In 1867, Gerry married Louisa Matilda Livingston. Louisa was the daughter of Robert James Livingston and Louisa Matilda Storm and the granddaughter of Maturin Livingston and Margaret Lewis. Margaret was the only child and sole heiress of Gov. Morgan Lewis. Together, Elbridge and Louisa had six children:

- Angelica Livingston Gerry (1871–1960), died unmarried. (See Ancrum House.)
- Mabel Gerry (1872–1930), who married Francis Saxham Elwes Drury (1859–1937), a widower, in 1925. Drury had previously been married to Mary Gertrude Peek (1861–1921)
- Lillian Goelet Gerry (1873-1891)
- Margaret "Pearl" Louisa Gerry (1868-1872)
- Robert Livingston Gerry, Sr. (1877–1957), who married Cornelia Averell Harriman (1884–1966), the second daughter of railroad executive E. H. Harriman and his wife Mary Williamson Averell, in 1908.
- Peter Goelet Gerry (1879–1957), U.S. Representative and Senator from Rhode Island, who married Mathilde Townsend in 1910. They divorced in 1925 and he later married Edith Stuyvesant Dresser (1873–1958), the widow of George Washington Vanderbilt II (1862–1914).
In 1904, the Swiss-born American artist Adolfo Müller-Ury (1862–1947) painted Gerry's portrait, which still hangs in the New York Yacht Club.

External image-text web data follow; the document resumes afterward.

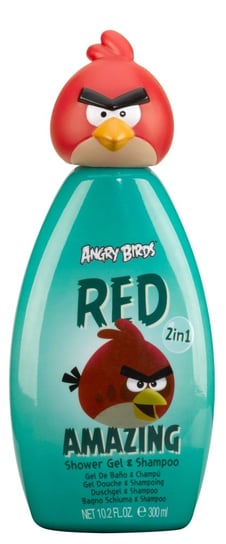 Air-Val, Angry Birds Red, Żel pod prysznic i szampon 2w1, 300 ml Air Val
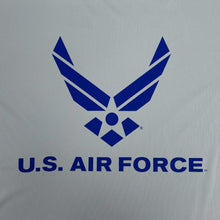 Load image into Gallery viewer, Air Force Wings Logo Performance T-Shirt (Silver)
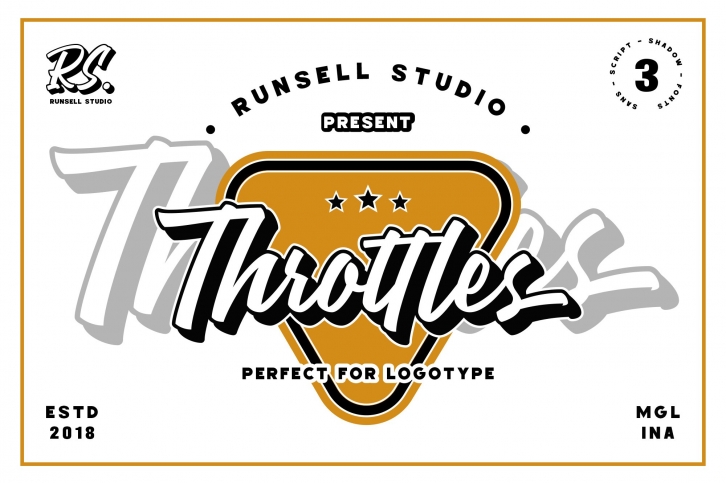Throttles Duo Font Download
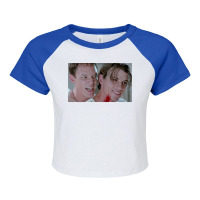 Scream Horror Movie Billy And Stu Raglan Crop Top | Artistshot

Gerry died on February 18, 1927, about two weeks after breaking his hip in a fall, outliving his wife by seven years. He was entombed in the churchyard of St. James Church in Hyde Park, New York. The associated Episcopal church is best known for its association with Franklin D. Roosevelt, who served on the vestry and as senior warden, and tours of the cemetery continue to be offered. At his death, Gerry was reputed to be worth $26 million, primarily in landholdings, making him one of the city's wealthiest men.

===Residences===

His family's New York mansion at 2 East 61st Street had long been a center of cultivated and fashionable life, even as it came to be surrounded by skyscrapers. When he built it, he told architect Richard Morris Hunt specifically about needing to house his collection of 30,000 law books and cost a reported $3,000,000. After his death, the family mansions in Manhattan were soon demolished, to make way for the Pierre Hotel.

Gerry maintained a summer home named "Seaverge" on Bellevue Avenue in Newport, Rhode Island. His wife's estate in the Catskill Mountains was called "Aknusti", supposedly from an American Indian word meaning "expensive proposition."